With elections approaching, the government decided it was a good time to advertise its commitment to fighting corruption. An event, addressed by Justice Minister Emily Yiolitis at the presidential palace on Thursday, kicked off a series of training courses for civil servants aimed at the effective tackling of corruption and the establishment of a state governed by the rule of law.
Yiolitis’ speech came across more like an economics undergraduate’s essay on the negative consequences of corruption than a pragmatic political plan for tackling the disease that has afflicted the country ever since the establishment of the Republic. We were told that “corruption constitutes a complex phenomenon with economic, political and social dimensions, creating uncertainty in the business environment, hindering procedures and usually leading to additional cost for business.”
It made the country less attractive to investors and was a “key factor in corroding the people’s trust in institutions, politics and state services”, she said in what was an exercise in stating the obvious.

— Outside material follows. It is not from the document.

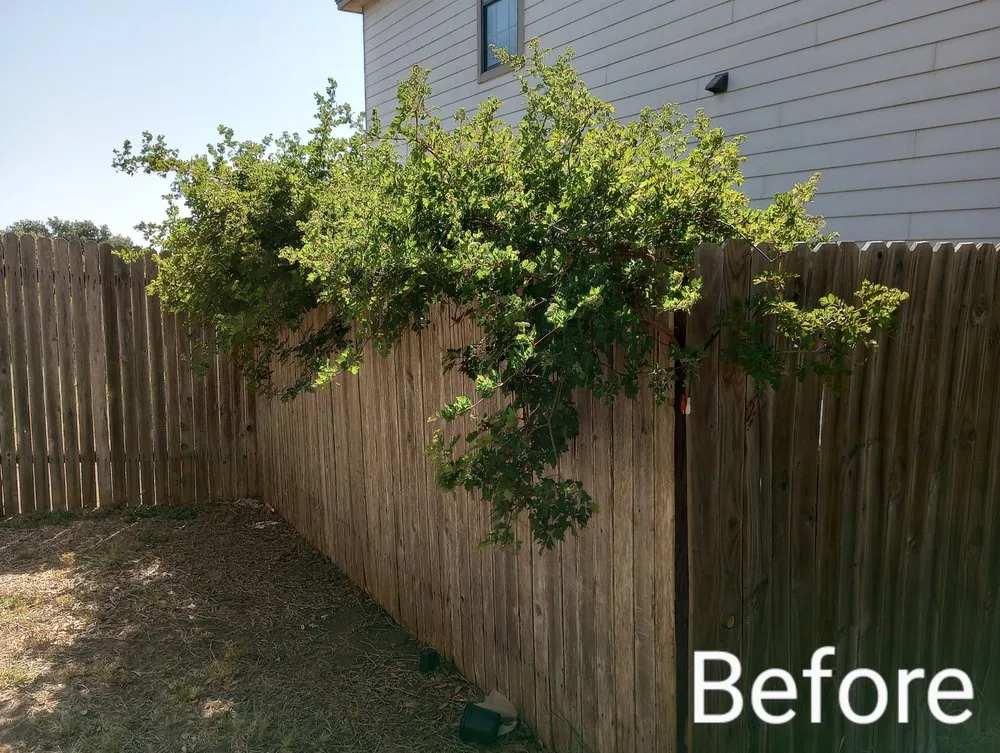 Local landscape installation experts serving Luling, TX - Diamond Lawn Maintenance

Were some politicians, state officials and civil servants corrupt because they were not aware of all this? And would they all become squeaky clean adherents of correct procedure now they had been informed of the damage caused to the country by their corrupt actions?
Proof of the government’s commitment to tackling this endemic problem was the amendment of the penal code, raising the penalty for corrupt civil servants from three to seven years imprisonment, she said. This is indicative of the superficiality with which the government is approaching the matter. Does the minister genuinely believe that the reason civil servants are corrupt is because penalties are not tough enough?
The reason they are corrupt is because there is no risk of being charged. How many civil servants and public officials have been charged with corruption in the last 10 years? One, two, three? This is not because of the absence of a legal framework or because the maximum penalty is only three years in jail. It is because nobody enforces the laws. Corruption in the state sector is deeply rooted, it serves the political system, which sponsors it, and public employees are protected from prosecution by political parties and very strong unions.
“Enriching the legal arsenal,” by the passing of tougher laws, is not the solution of the problem, as Yiolitis seems to think. The Anastasiades government can introduce the toughest anti-corruption laws in the world, but they are meaningless when nobody is committed to enforcing them. And this has always been the problem, regardless of what politicians say.